Don't Look Back in Ongar
- Author: Paul Howard
- Illustrator: Alan Clarke
- Cover artist: Alan Clarke
- Language: English
- Series: Ross O'Carroll-Kelly
- Genre: Comic novel, satire
- Set in: Dublin, 2019-20
- Published: 22 August 2024, Penguin
- Publication place: Republic of Ireland
- Media type: Print: paperback
- Pages: 320
- ISBN: 9781844886296
- Dewey Decimal: 823.92
- Preceded by: Camino Royale

= Don't Look Back in Ongar =

2024 book by Paul Howard

Don't Look Back in Ongar is a 2024 comic novel by Irish playwright and author Paul Howard and is the twenty-fourth and last novel in the Ross O'Carroll-Kelly series.

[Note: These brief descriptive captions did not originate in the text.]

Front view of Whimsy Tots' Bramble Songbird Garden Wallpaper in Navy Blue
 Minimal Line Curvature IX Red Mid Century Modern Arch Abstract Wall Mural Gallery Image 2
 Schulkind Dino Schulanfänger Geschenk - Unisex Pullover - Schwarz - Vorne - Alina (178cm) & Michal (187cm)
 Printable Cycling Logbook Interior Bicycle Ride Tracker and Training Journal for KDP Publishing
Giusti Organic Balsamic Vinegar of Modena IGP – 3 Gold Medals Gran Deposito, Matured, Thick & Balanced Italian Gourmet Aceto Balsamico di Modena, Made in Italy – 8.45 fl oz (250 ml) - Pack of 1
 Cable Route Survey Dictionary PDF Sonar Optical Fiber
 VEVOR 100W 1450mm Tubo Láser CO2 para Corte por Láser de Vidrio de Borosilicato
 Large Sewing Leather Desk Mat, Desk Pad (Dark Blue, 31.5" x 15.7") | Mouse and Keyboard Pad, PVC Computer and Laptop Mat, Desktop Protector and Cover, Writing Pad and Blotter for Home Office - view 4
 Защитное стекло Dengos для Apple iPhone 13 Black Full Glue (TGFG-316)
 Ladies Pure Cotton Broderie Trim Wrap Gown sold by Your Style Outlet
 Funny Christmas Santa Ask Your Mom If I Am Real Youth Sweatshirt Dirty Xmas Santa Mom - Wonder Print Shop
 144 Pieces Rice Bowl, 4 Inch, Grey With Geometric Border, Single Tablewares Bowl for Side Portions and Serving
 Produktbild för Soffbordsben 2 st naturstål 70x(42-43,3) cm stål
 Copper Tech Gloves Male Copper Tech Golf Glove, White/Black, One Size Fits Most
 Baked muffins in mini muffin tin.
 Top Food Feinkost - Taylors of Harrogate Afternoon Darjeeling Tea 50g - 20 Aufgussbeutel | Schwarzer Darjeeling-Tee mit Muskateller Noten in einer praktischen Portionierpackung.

The title refers to the song "Don't Look Back in Anger" (and possibly the nostalgic Virgin Media TV series) and the Dublin suburb of Ongar.

==Release==
The novel was released on 22 August 2024.

==Plot==

Ross is turning forty, and his wife Sorcha still wants a divorce, and his father is causing trouble in Áras an Uachtaráin, while his son Ronan is working for villainous lawyer Hennessy. His mother Fionnuala, who has Alzheimer's, is placed in a luxury nursing home in Ongar.
==Reviews==
The Irish Times described the finale as "unexpectedly touching."